Energy Transfer (ET) stock today: Units slip into New Year’s market holiday as oil, gas fall

NEW YORK, January 1, 2026, 18:39 ET — Market closed

  • Energy Transfer units closed at $16.49 on Dec. 31, down 0.3%.
  • U.S. stock markets are shut for New Year’s Day, with trading set to resume on Friday.
  • Oil and natural gas prices fell at year-end, keeping energy-linked sentiment in focus.

Energy Transfer LP (NYSE: ET) units closed down 0.3% at $16.49 on Wednesday, the final trading day of 2025. The partnership traded about 13.5 million units as Wall Street headed into the New Year’s Day holiday.

U.S. stock markets are closed Thursday for New Year’s Day, leaving investors with a longer gap before the next cash session. That matters for ET because sharp late-December moves in energy commodities often set the tone for midstream trading when markets reopen.

Energy Transfer moved broadly in step with other large U.S. pipeline operators in the latest session. Enterprise Products Partners, Kinder Morgan and Williams also ended Wednesday modestly lower.

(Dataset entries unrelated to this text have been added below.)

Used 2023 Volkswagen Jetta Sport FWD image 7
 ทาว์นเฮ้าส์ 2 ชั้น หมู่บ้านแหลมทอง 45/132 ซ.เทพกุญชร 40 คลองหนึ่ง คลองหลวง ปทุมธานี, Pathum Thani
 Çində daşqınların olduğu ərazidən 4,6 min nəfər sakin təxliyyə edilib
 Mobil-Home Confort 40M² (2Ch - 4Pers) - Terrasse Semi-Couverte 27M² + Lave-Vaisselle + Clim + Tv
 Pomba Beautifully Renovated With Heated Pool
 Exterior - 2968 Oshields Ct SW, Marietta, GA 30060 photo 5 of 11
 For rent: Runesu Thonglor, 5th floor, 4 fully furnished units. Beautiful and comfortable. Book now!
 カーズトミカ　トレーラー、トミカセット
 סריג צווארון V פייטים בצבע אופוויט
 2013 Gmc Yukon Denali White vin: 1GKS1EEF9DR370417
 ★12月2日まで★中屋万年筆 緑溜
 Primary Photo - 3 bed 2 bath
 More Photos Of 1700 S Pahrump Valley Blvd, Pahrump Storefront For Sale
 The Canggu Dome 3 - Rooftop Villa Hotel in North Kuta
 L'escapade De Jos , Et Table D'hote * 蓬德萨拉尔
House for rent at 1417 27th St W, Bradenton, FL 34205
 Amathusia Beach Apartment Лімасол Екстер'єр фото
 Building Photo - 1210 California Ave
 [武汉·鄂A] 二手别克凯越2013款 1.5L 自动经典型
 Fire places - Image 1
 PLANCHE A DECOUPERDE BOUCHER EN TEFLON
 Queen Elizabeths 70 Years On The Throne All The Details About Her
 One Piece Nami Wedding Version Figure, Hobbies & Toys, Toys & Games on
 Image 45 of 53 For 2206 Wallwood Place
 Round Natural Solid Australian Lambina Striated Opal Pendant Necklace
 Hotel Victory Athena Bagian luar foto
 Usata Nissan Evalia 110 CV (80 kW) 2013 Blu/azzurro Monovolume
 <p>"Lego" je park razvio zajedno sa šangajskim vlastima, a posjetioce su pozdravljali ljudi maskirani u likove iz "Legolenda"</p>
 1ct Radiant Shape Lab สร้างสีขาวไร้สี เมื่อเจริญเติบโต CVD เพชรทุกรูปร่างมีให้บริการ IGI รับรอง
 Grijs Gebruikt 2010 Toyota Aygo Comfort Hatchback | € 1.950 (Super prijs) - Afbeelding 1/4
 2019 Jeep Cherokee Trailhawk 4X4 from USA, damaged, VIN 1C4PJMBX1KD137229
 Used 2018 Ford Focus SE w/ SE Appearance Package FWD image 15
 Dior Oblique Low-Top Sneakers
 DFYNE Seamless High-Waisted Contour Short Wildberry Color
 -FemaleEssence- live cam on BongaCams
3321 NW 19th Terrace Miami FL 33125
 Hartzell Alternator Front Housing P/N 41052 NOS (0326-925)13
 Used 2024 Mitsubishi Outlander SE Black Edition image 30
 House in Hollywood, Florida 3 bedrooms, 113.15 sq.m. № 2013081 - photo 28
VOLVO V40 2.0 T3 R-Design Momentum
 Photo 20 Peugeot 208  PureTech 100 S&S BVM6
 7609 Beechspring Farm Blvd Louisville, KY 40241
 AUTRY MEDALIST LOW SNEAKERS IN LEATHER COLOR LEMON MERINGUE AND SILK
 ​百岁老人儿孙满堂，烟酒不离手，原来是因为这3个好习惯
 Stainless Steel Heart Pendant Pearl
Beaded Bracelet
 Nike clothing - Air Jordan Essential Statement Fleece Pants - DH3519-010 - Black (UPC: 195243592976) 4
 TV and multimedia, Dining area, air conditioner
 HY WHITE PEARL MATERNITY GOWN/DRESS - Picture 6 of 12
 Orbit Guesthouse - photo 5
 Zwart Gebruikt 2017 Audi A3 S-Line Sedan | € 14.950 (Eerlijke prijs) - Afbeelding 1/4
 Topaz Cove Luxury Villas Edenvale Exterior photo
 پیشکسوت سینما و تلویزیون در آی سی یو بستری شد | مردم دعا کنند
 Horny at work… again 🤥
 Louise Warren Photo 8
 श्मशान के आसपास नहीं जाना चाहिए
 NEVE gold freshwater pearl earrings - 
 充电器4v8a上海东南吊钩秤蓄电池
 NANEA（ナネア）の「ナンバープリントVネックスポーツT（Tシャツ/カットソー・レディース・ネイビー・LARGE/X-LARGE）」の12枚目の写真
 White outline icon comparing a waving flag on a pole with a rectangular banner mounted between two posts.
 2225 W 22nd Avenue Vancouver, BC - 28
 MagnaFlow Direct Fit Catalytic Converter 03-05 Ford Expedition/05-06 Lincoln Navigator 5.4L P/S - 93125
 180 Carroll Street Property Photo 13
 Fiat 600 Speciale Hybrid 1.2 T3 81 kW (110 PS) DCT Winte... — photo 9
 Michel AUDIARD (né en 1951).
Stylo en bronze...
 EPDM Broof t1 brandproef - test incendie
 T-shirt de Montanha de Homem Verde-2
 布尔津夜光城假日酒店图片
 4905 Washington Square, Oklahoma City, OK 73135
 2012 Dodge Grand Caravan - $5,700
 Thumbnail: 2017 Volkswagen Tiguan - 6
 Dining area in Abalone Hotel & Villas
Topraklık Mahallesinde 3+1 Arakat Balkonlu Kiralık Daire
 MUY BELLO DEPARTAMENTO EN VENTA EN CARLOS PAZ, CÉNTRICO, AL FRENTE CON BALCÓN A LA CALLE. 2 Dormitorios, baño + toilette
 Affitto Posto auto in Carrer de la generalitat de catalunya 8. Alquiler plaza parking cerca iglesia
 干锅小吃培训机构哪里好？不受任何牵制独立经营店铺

Oil fell on Wednesday, with U.S. crude settling at $57.42 a barrel and Brent ending at $60.85. Analysts cited by Reuters said expectations for oversupply have weighed on prices into 2026, and OPEC+ — the cartel and its allies — meets on Jan. 4.

Natural gas prices took the bigger hit. February NYMEX gas futures, traded on the New York Mercantile Exchange, closed down 7.2% after a smaller-than-expected weekly storage draw and warmer temperature forecasts, according to a Barchart analysis carried by Nasdaq.

In U.S. inventory data, the Energy Information Administration said crude stockpiles fell by 1.9 million barrels last week, while gasoline and distillate inventories rose more than expected on strong refining. “Year end numbers tend to be distorted,” said Josh Young, chief investment officer at Bison Interests. Reuters

Those commodity swings can sway positioning in midstream names even though Energy Transfer generates much of its cash flow from fee-based pipeline and storage contracts, which depend more on volumes moved than on day-to-day spot prices.

Energy Transfer is structured as a master limited partnership, a publicly traded partnership that pays distributions and sends unitholders K-1 tax forms. Its most recently declared distribution was $0.3325 a unit, or $1.33 annualized, an SEC filing showed — about an 8% yield at Wednesday’s close.

The units were choppy in the final two sessions: they rose 1.7% on Dec. 30 and then slipped 0.3% on Wednesday. ET traded between about $16.39 and $16.54 in the Dec. 31 session, market data showed.

Investors have also been weighing Energy Transfer’s growth outlook after it suspended development of the Lake Charles LNG export project in mid-December. In the same update, it upsized its Desert Southwest expansion of the Transwestern pipeline, lifting the projected cost to about $5.6 billion and capacity to up to 2.3 billion cubic feet per day — a measure of gas volumes.

Before the next session, traders will watch whether oil and gas futures stabilize after year-end swings and whether market depth improves after the holiday closure.

Energy Transfer’s next scheduled catalyst is its fourth-quarter report. Nasdaq estimates the partnership will report around Feb. 10, and investors will focus on distribution coverage — cash flow available to pay the distribution — and leverage.

On the chart, late-December support sits near $16.28, Tuesday’s low, with resistance around $16.55. A break on either side could help set the early-January tone once liquidity returns.